One of Murray Rothbard’s strangest doctrines is that fractional reserve banking (i.e. virtually all banking with which First World consumers have any direct experience) is inherently fraudulent and should therefore be illegal.  As he puts it in The Mystery of Banking:

It should be clear that modern fractional reserve banking is a shell game, a Ponzi scheme, a fraud in which fake warehouse receipts are issued and circulate as equivalent to the cash supposedly represented by the receipts.

This looks even stranger, though, when you read what Rothbard has to say about fraud in general:

No
administrator is needed to prevent nonfraudulent sales; if a man simply
sells what he calls “bread,” it must meet the common
definition
of bread held by consumers, and not some arbitrary
specification.
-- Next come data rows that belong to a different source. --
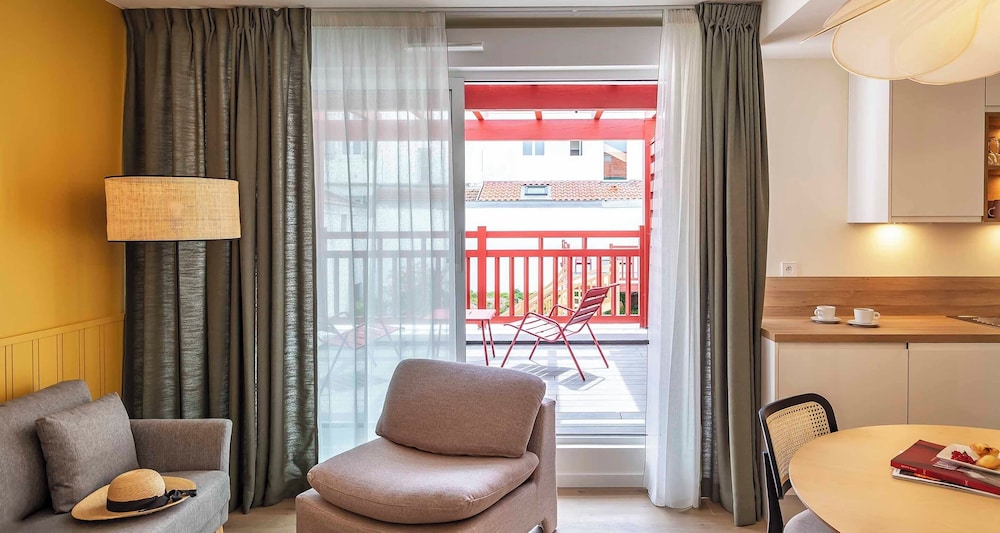 Superior Apartment
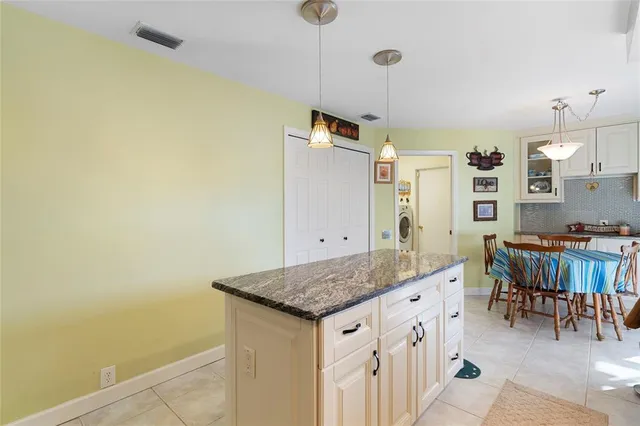 $388,000 | 4966 Clubview Court East, Bradenton, FL 34203
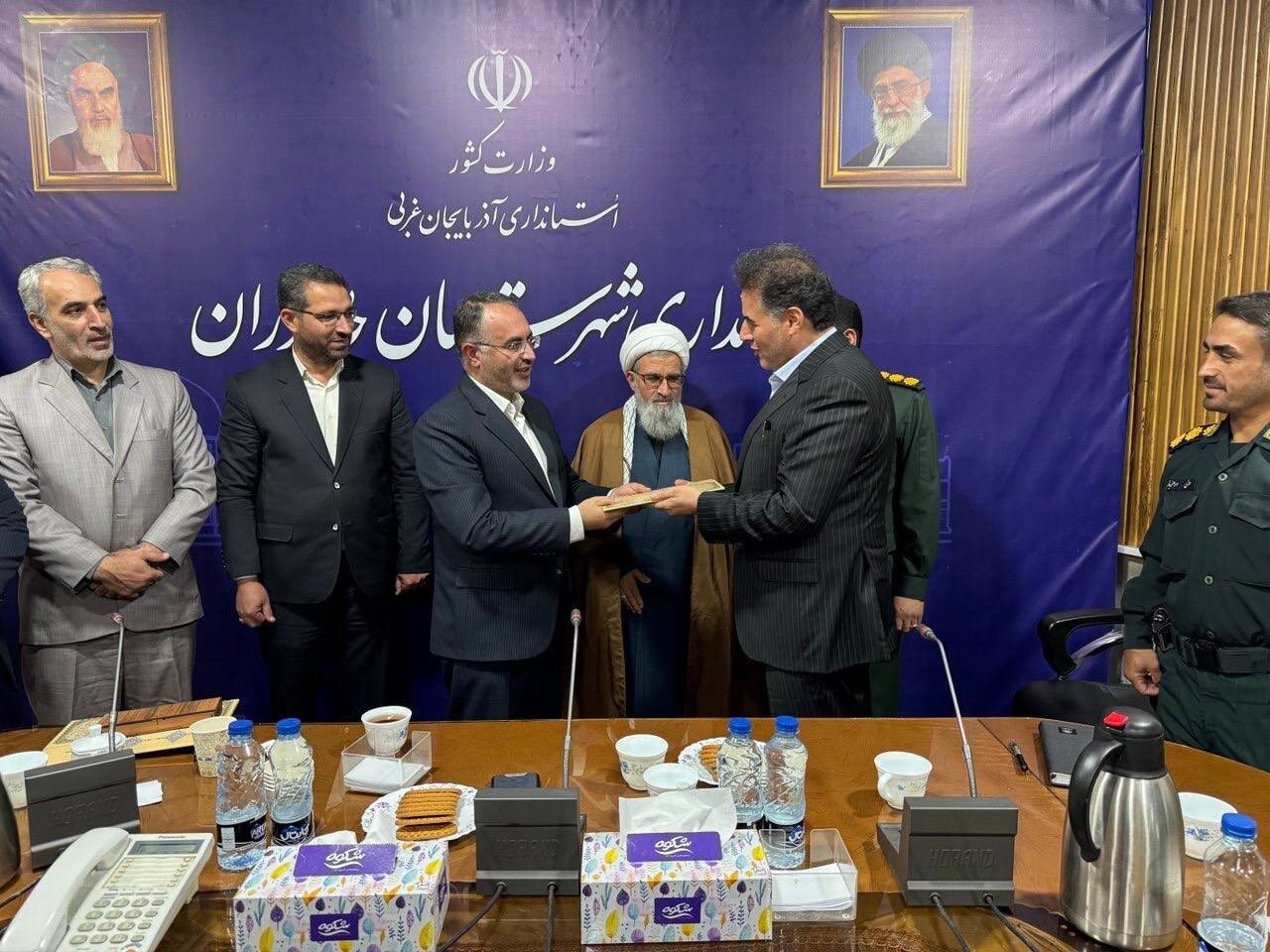 دو فرماندار جدید دیگر در استان آذربایجان‌غربی معارفه شدند / ماکو سومین شهر استان با زنان فرماندار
However, if he specifies the
composition on the loaf, he is liable for prosecution if he is lying.
It must be emphasized that the crime is not lying per se,
which is a moral problem not under the province of a free-market
defense agency, but breaching a contract–taking
someone else’s property under false pretenses and therefore
being guilty of fraud.

If “the bank can lend out your money to other people” is not part of the “common definition” of a bank account, what is?  This is especially clear if you remember that most banks do offer a 100% reserve option – called safety deposit boxes.  So if Rothbard asked the typical bank customer to explain the difference between a bank account and a safety deposit box, what on earth would he expect him to say?

In the end, Rothbard’s position is as absurd as claiming that it’s fraudulent to sell non-organic bread.  Not only do grocers sell organic and non-organic bread side-by-side; non-organic bread is still a lot more popular!